WHAT THE TASK REQUIRES:
Among the lines below, copy exactly those from the one with "Negro Usado 2019" through the one with "замшевые,кроссовки originals adidas", counting both ends.

DATA UNDER STUDY:
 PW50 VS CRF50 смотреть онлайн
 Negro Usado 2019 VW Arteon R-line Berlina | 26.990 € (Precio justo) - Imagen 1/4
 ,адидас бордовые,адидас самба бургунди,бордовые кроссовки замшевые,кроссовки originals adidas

---

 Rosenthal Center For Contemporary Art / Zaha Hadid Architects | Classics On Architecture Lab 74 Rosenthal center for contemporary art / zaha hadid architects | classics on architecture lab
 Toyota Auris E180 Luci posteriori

* * *

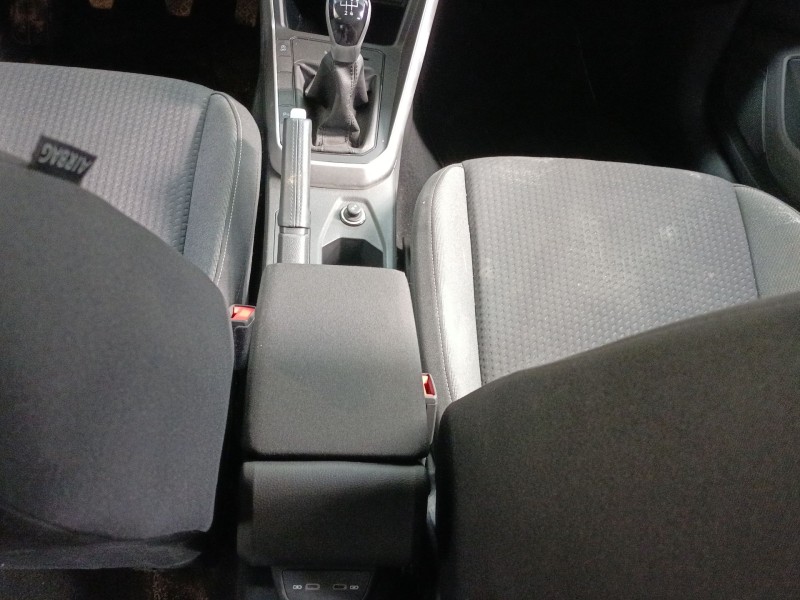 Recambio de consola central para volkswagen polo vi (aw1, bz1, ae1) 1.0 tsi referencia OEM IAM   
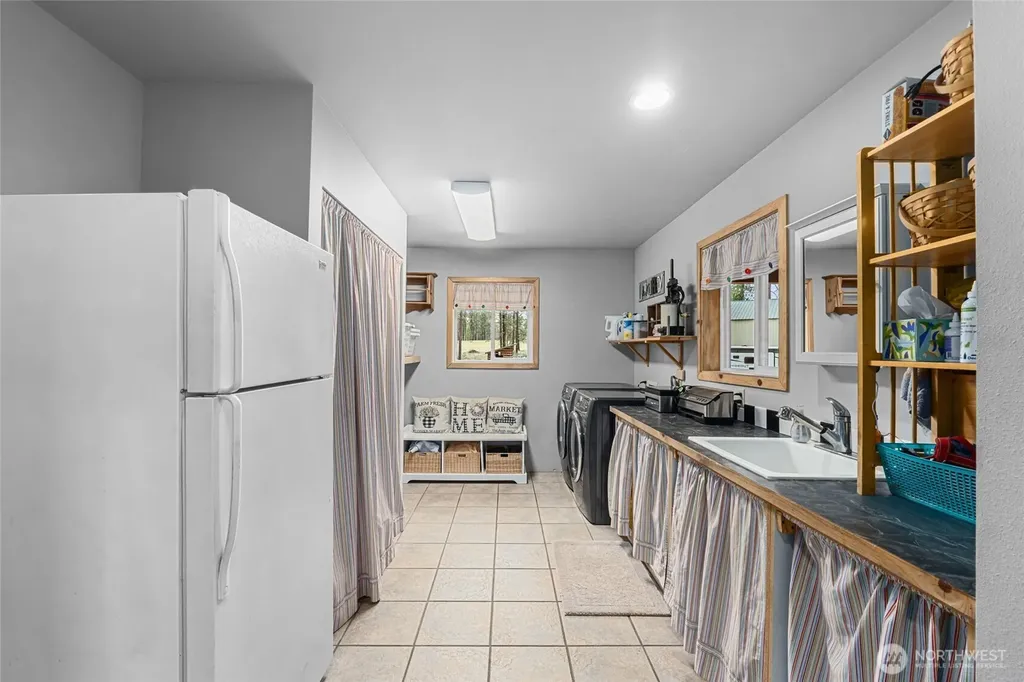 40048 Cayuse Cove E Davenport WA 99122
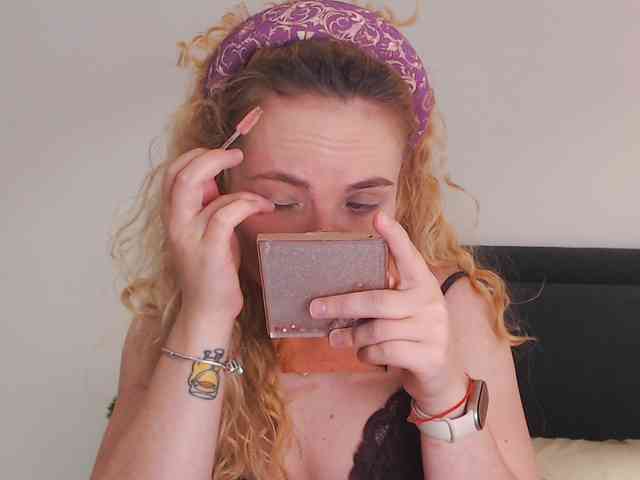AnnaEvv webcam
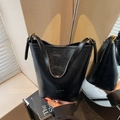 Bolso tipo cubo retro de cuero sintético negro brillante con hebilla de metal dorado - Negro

TASK OUTPUT:
 Negro Usado 2019 VW Arteon R-line Berlina | 26.990 € (Precio justo) - Imagen 1/4
 ,адидас бордовые,адидас самба бургунди,бордовые кроссовки замшевые,кроссовки originals adidas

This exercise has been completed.